** Task to complete **
Without omitting anything, return the records precisely as given.

(Extracted records)
○ ○ ○ ○ ○

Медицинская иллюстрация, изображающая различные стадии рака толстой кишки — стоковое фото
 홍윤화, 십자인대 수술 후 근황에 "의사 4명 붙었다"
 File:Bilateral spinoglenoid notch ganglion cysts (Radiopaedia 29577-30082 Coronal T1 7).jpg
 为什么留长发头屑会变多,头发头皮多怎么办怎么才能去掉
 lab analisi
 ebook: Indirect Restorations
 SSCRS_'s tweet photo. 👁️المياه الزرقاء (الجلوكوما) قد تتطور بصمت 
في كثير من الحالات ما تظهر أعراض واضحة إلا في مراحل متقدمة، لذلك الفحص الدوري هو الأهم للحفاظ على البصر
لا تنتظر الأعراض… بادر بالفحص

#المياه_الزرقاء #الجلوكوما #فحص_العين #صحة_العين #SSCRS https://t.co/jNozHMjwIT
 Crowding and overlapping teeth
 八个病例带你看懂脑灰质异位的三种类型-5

○ ○ ○ ○ ○

** Exercise result **
Медицинская иллюстрация, изображающая различные стадии рака толстой кишки — стоковое фото
 홍윤화, 십자인대 수술 후 근황에 "의사 4명 붙었다"
 File:Bilateral spinoglenoid notch ganglion cysts (Radiopaedia 29577-30082 Coronal T1 7).jpg
 为什么留长发头屑会变多,头发头皮多怎么办怎么才能去掉
 lab analisi
 ebook: Indirect Restorations
 SSCRS_'s tweet photo. 👁️المياه الزرقاء (الجلوكوما) قد تتطور بصمت 
في كثير من الحالات ما تظهر أعراض واضحة إلا في مراحل متقدمة، لذلك الفحص الدوري هو الأهم للحفاظ على البصر
لا تنتظر الأعراض… بادر بالفحص

#المياه_الزرقاء #الجلوكوما #فحص_العين #صحة_العين #SSCRS https://t.co/jNozHMjwIT
 Crowding and overlapping teeth
 八个病例带你看懂脑灰质异位的三种类型-5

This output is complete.